Summer’s not really over yet, but the season changed at Circle of Hope’s Public Meeting last night and I’m ready to move into the fall.  Sorry to those of you who haven’t gone on vacation yet.  I feel a bit like the guy who asks “How was your weekend?” on Sunday afternoon.  Forgive me.

I spent the Pentecost season off of Facebook (and this blog, instagram, tumblr, twitter etc.).  It was a communal experiment among the pastors and a few other leaders at Circle of Hope.  We wanted to unplug to see if our disconnection hurt us at all.  Does facebook as a medium actually help our cause, or do we spend a lot of time shouting into the void when we could be making real-er connections?  We want to be the media which for me means I want to know people and I want people to know me.  I believe that in a relationship with me or someone like me people have the best chance of meeting Jesus.  This summer I wanted to see how the virtual relating of facbookland worked by letting it not work for a while.
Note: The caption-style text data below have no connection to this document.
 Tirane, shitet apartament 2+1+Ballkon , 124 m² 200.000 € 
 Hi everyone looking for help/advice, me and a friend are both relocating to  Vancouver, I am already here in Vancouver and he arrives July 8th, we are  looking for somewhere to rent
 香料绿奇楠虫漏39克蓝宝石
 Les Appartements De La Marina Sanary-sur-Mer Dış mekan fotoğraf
The most notable changes occurred within me and my habits.  Without the distraction of facebook I was more productive.  I read more books.  I started a new cell and hung out with those new people in my life.  I got out into Philadelphia on the Circle of Hope Summer Tour and I didn’t worry about the storytelling of the experience before the experience was over.  I was in the moment, relating to the people around me as I was with them.  I did not triangulate a thousand people into our interactions.  I have to admit that I am an image conscious person.  I worry about what people will think.  Facebook plays into this character trait by encouraging me to manage a virtual image of myself; and because I am a leader of a community, I manage an image of Circle of Hope too.

Image management isn’t all bad.  I want to be received well by all sorts of people so that I might speak into their life after earning a place of trust.  I want to be a conspicuous force for good in the world so people will see my good deeds and glorify my father in heaven.  I know for certain I can do these things without facebook, but I’ve decided to do it with facebook again because it’s a way that people relate and it’s the only way I relate to some of the people I barely know or knew well before they or I moved away.
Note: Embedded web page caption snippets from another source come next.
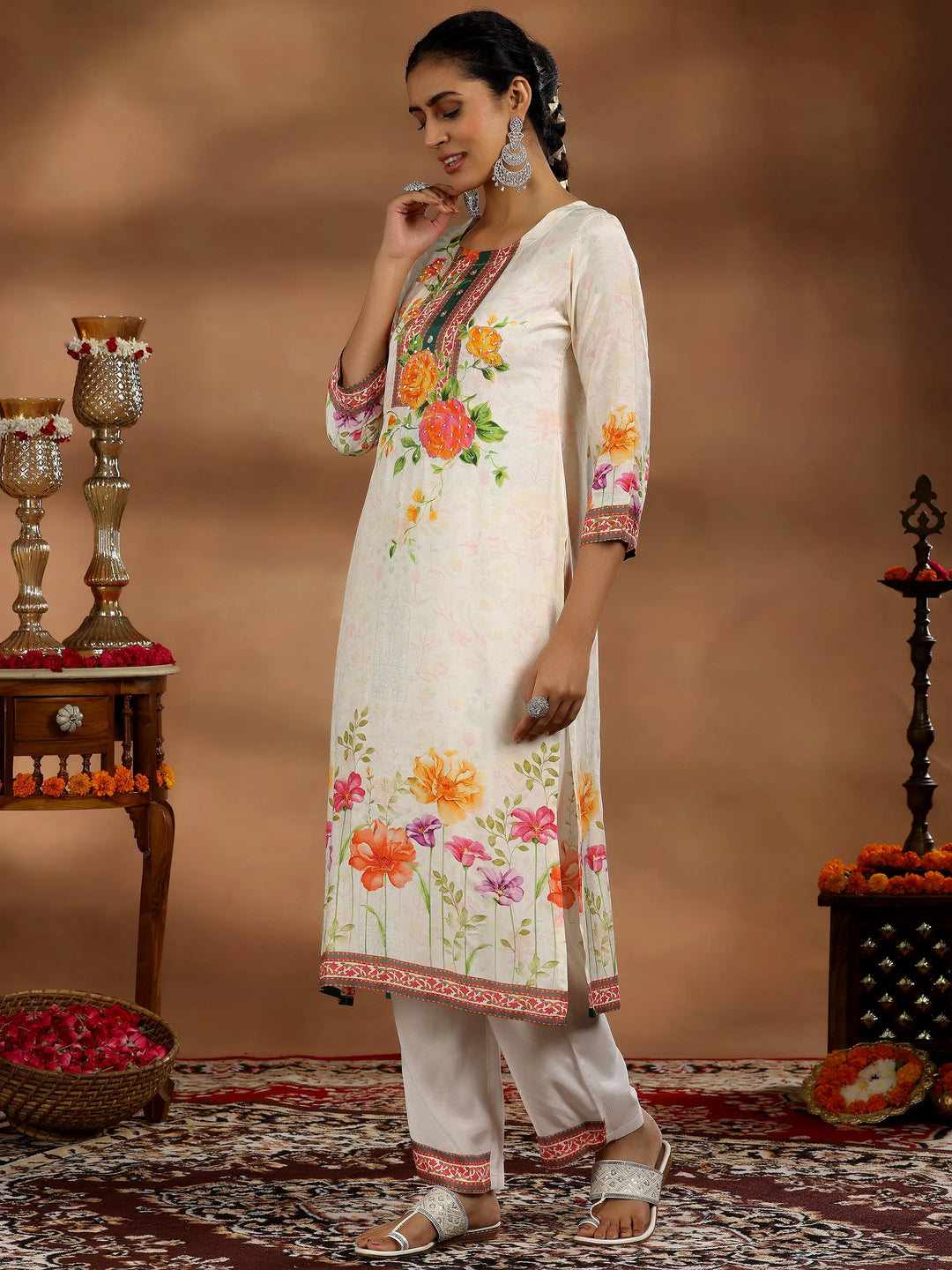  Off White Printed Muslin Straight Suit With Dupatta 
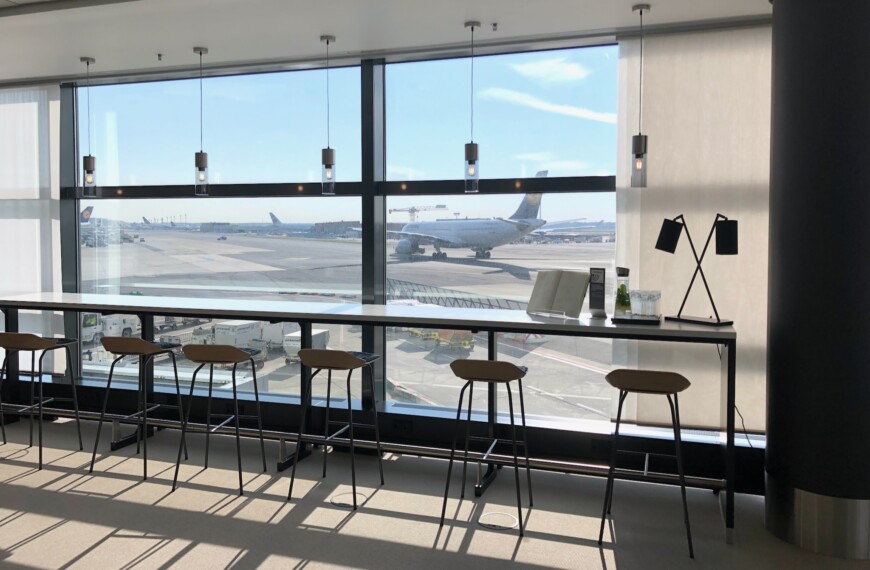 Blick auf das Vorfeld aus der Lufthansa Panorama Lounge Frankfurt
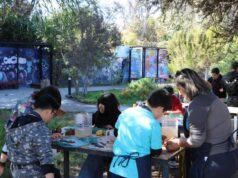 Familias, docentes y artistas crearon obras con barro y luces que se exhibirán en Cecrea Vallenar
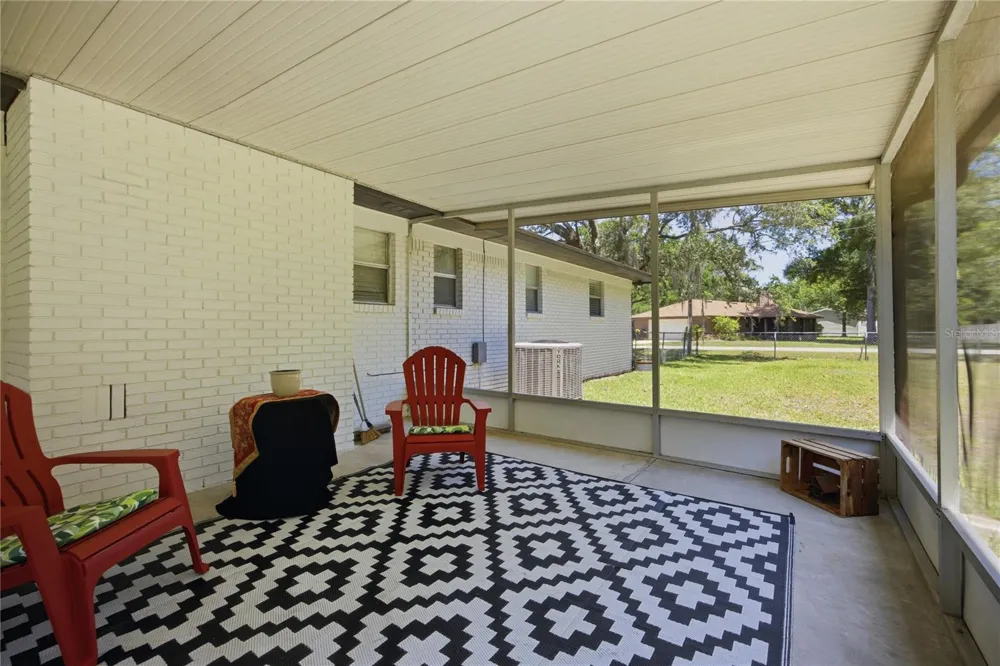 926 WOODLAWN STREET Starke, FL 32091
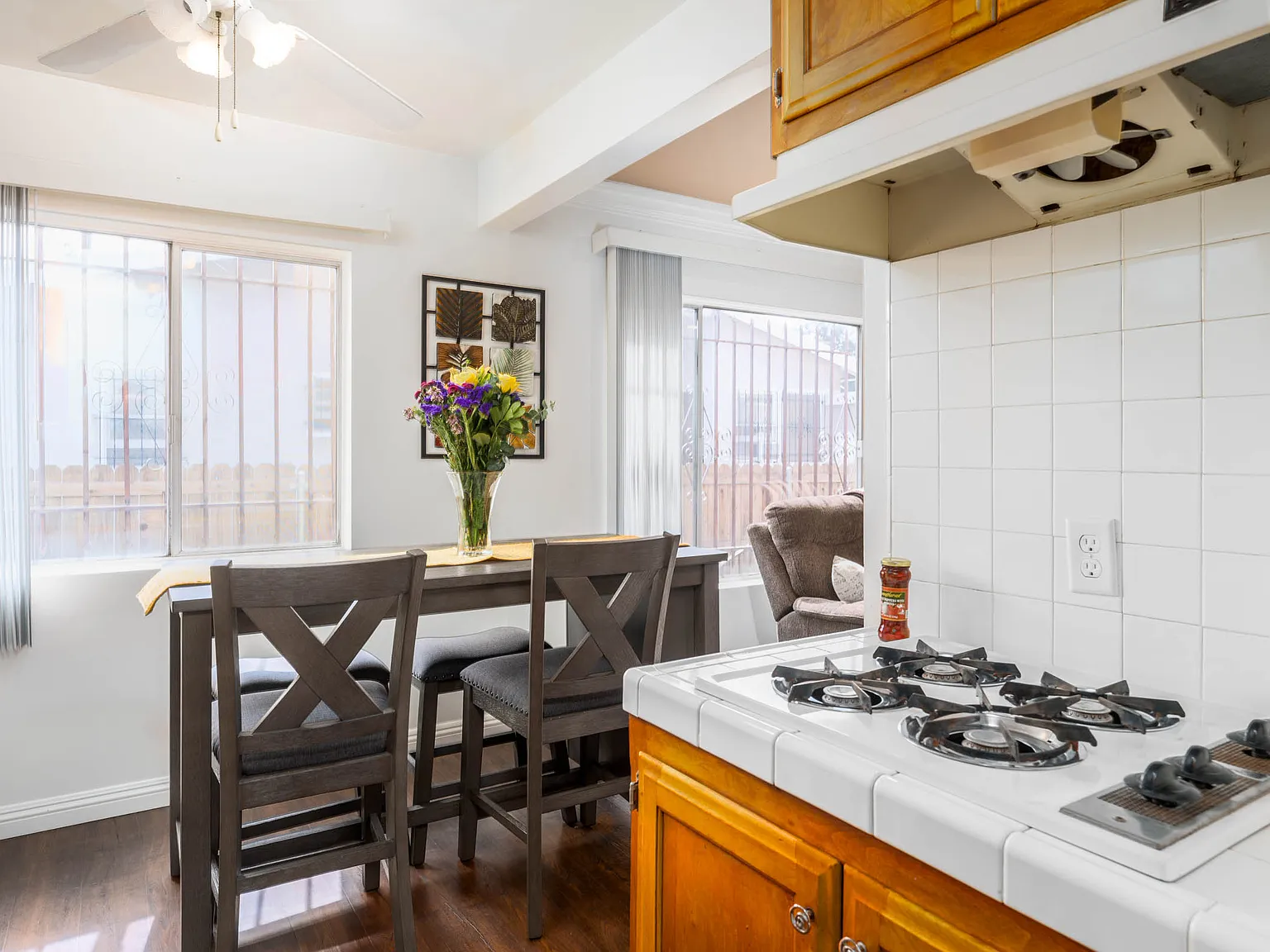 2 bed, 800 sqft, $2,050 — Photo 3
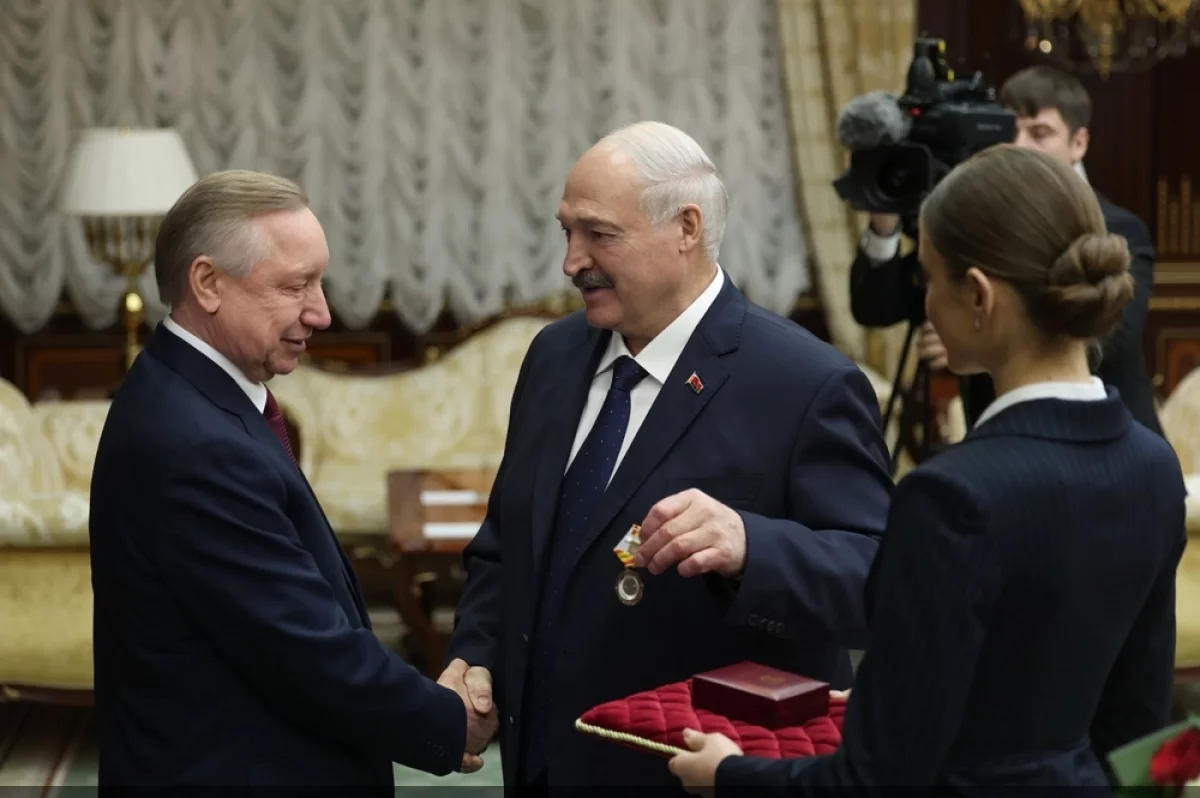 Александр Лукашенко в Минске наградил орденом Почёта Александра Беглова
Facebook is a very dangerous tool.  It can suck me in and begin to make me who I am.  I can begin to be an image of myself rather than the me I really am now.  This is the easiest way for the enemy to undermine me.  If I can’t do it to a perfect standard; if I can’t be the person I wish I was, then I might as well wallow in my sin, or my ineffective strategy, or  whatever else is currently unhealthy in my life.  That’s enough reason for me not to go back.  Put that on top of the image that the marketers are making of me–the detailed niche market of Benjamin White that has extended from ads to the actual news feeds of my friends.  I now only see what they want me to see from private users too.  Everything filtered, manicured, marketed and algorhythm-ed for my viewing pleasure and for facebook’s maximized profit.  A dangerous tool indeed.  But I’ve read the instruction manual, I’ve got my safety goggles on, a bit clearer now after a season away and I’m ready to relate again there too.  I’ll probably see you there but let’s not keep it there. okay?